◆ Exercise objective
What are the lines, word for word, from the line with "Колер PARADE" up to and including the line with "Spot piyasada doğal" in the records below? Omit the pictures.

◆ Stored data
--*--
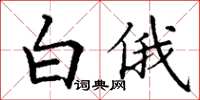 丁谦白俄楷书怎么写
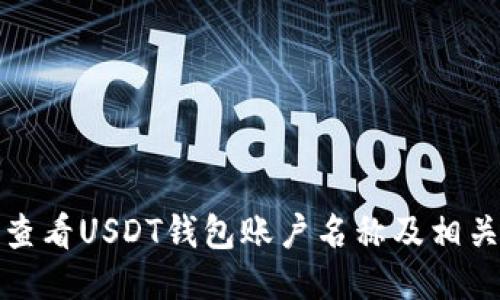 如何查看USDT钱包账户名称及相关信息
--*--
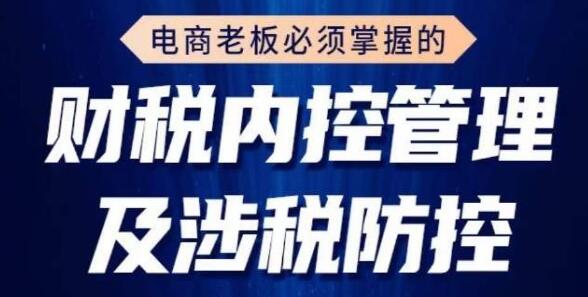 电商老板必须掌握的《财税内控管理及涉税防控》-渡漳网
--*--
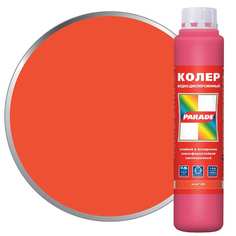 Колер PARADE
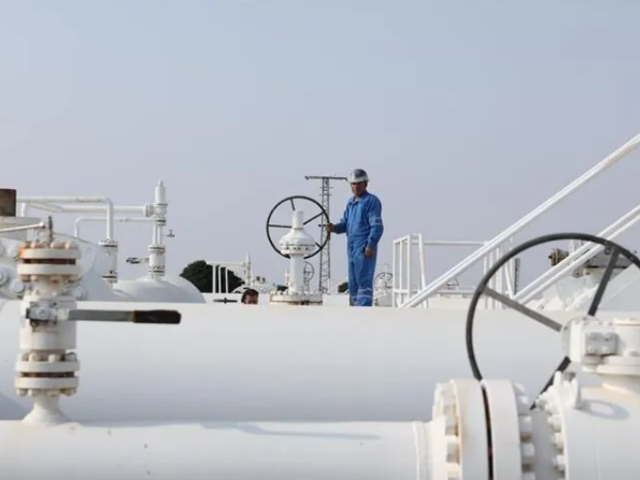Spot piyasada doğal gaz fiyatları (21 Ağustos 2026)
--*--
◆ Response to the exercise
 Колер PARADE
Spot piyasada doğal gaz fiyatları (21 Ağustos 2026)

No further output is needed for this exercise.